What the task asks: Lines below starting with the line with "GOJO Cherry Gel Pumice Hand Cleaner" and going on through the line with "Parche bordado Victory 11 x 6 cm. (MA-092)" must be output exactly; the rest of the records must be left out.

*** Input for this task Section Begins ***

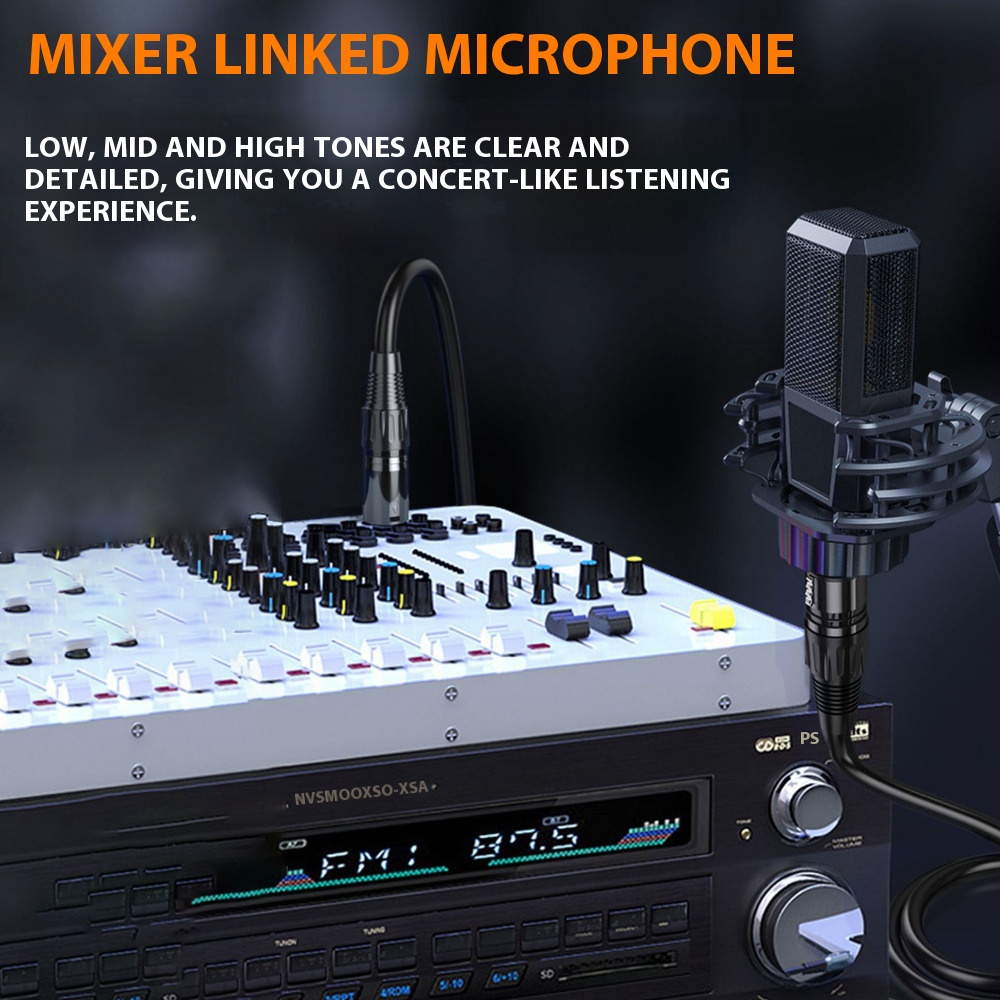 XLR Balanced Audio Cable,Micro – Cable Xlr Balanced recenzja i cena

*** Input for this task Section Ends ***
*** Input for this task Section Begins ***

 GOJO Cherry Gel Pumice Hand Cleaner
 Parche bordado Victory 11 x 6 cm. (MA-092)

*** Input for this task Section Ends ***
*** Input for this task Section Begins ***

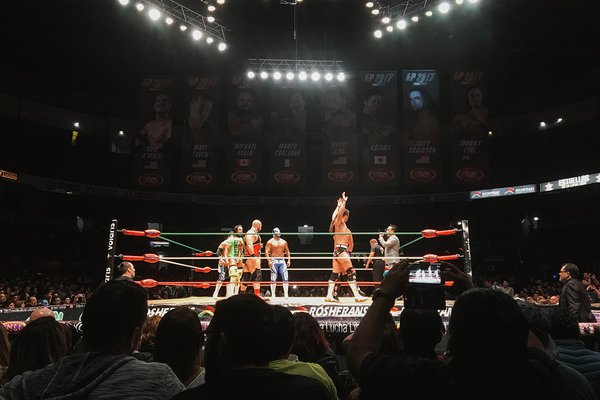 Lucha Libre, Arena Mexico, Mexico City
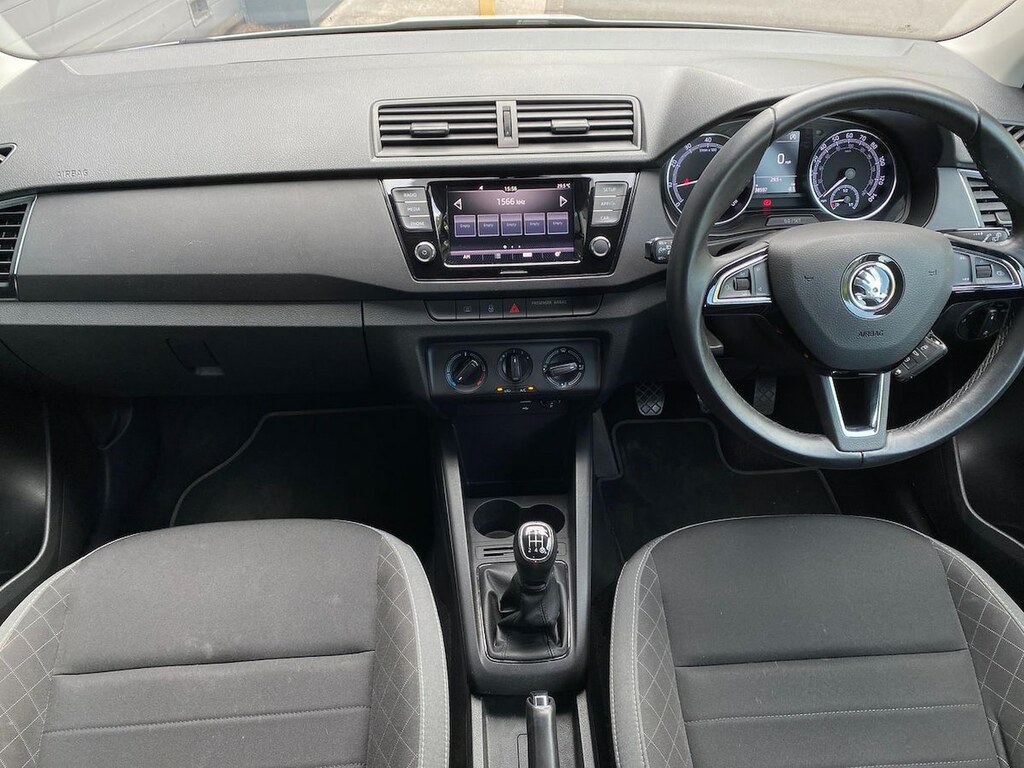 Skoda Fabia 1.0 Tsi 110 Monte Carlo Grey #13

*** Input for this task Section Ends ***

Response for this exercise:
 GOJO Cherry Gel Pumice Hand Cleaner
 Parche bordado Victory 11 x 6 cm. (MA-092)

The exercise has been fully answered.